Has anyone tried running full yolov3 on the nano using either TensorRT or Deepstream 4.0.1? If so, what FPS did you get?

More keen to know about Deepstream given it’s meant to be capable for multi-stream analysis.

I tested it few days ago using deepstream.

Yolov3: 2 FPS
Yolov3-tiny: 28-30 FPS

Anyway there is an alternative version of YoloV3-Tiny, not compatible with deepstream (I tested it), with a better inference.
Try it with darknet: GitHub - WongKinYiu/PartialResidualNetworks: partial residual networks

Using it in python I’m able to reach 17-18 fps analizyng an RTSP stream

Thanks Simone.

It would have been great to have usable FPS with full Yolov3 on the nano, really making it the smartest IoT AI device out there. I do have some follow up questions:

  1. Did you test it on live video or a mp4 file?
  2. Have you tested it using a CSI camera and gstreamer? We tested just reading frames with this method and saw a massive jump in FPS (not yolo, just reading frames)
  3. Did you test in Python or C++?
  4. And lastly, was this test powered with the USB input or DC barrel jack?

Sorry about the number of questions :)

There is no way to get Yolov3 full working at more than 5-6 fps… So don’t spend time on it.
You could reach this “goal” using Darknet executable: GitHub - AlexeyAB/darknet: YOLOv4 / Scaled-YOLOv4 / YOLO - Neural Networks for Object Detection (Windows and Linux version of Darknet )

  1. Did you test it on live video or a mp4 file?
    RTSP H264 live stream, static video doesn’t change the result
  2. Have you tested it using a CSI camera and gstreamer? We tested just reading frames with this method and saw a massive jump in FPS (not yolo, just reading frames)
    You need to use gstreamer pipeline (absolutely incomprensible) to access to HW decoding and increase performance
  3. Did you test in Python or C++?
    I used Python, but seems that c++ has better performance.
  4. And lastly, was this test powered with the USB input or DC barrel jack?
    I use micro-usb input but with a 15W power supplier

Thanks Simone, there are some tricks to speed it up even with the full yolov3.

If you’re interested, here’s how you can run the CSI camera, this includes the gstreamer pipelines required. GitHub - JetsonHacksNano/CSI-Camera: Simple example of using a CSI-Camera (like the Raspberry Pi Version 2 camera) with the NVIDIA Jetson Developer Kit

I am wondering if we can use the Coral USB accelerator with nano whilst using deepstream’s yolov3 implementation. If we can this might help speed up inference, unless the comms over the USB interface are too slow…Might have to play around a bit.

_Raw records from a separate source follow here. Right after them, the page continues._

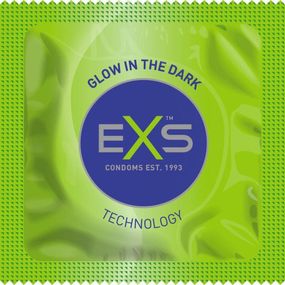 Світящі презервативи EXS GLOW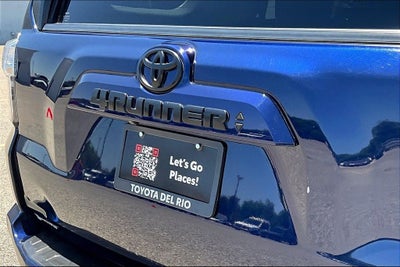 2021 Toyota 4Runner SR5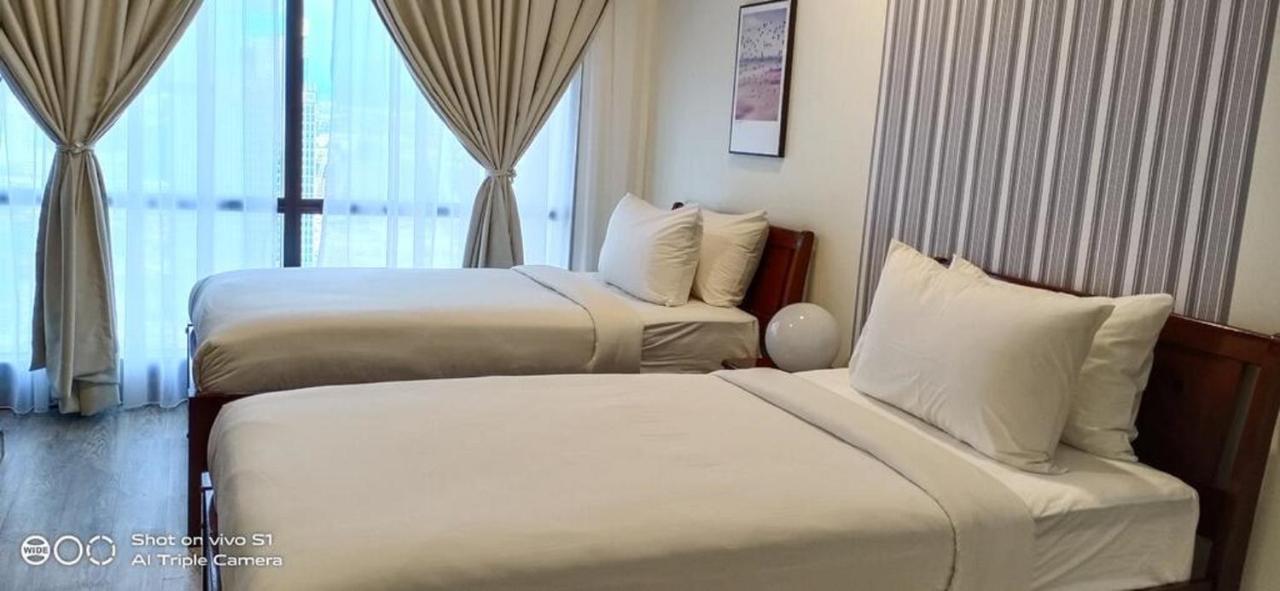 Royal Apartment Times Square קואלה לומפור מראה חיצוני תמונה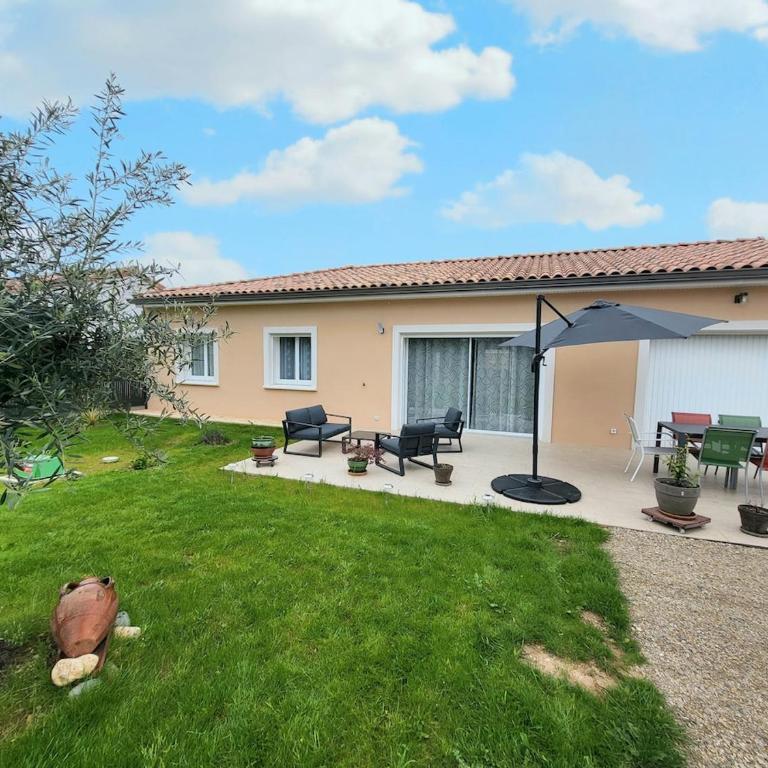 Le jardin de l'olivier - Casa Vacanze - 1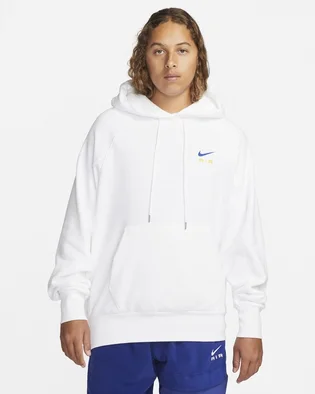 Худи мужское Nike Air Ft Hoody White Dq4207-101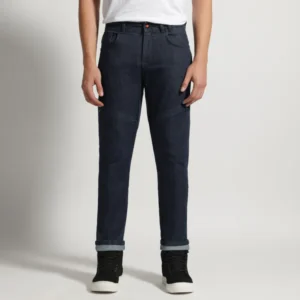Moto Garuda X-Scape Riding Denim Indigo Blue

I don’t know which is your target but you cannot run Yolov3 Full on Jetson nano reaching atleast 10fps, not without compromise object recognition.
So if you would like to run full Yolo consider to swap to a PC with a GTX1080

I shared my python implementation of yolov3 and yolov3-tiny, which was modified from the original TensorRT ‘yolov3_onnx’ sample. (This FPS numbers were including image acquisition and preprocessing/postprocessing.)

https://jkjung-avt.github.io/tensorrt-yolov3/
https://github.com/jkjung-avt/tensorrt_demos#yolov3

They don’t seem as good as the implementations of DeepStream. I think the difference could come from: (1) my python preprocessing/postprocessing code is slower than C++ implementation in DeepStream; (2) opencv imread.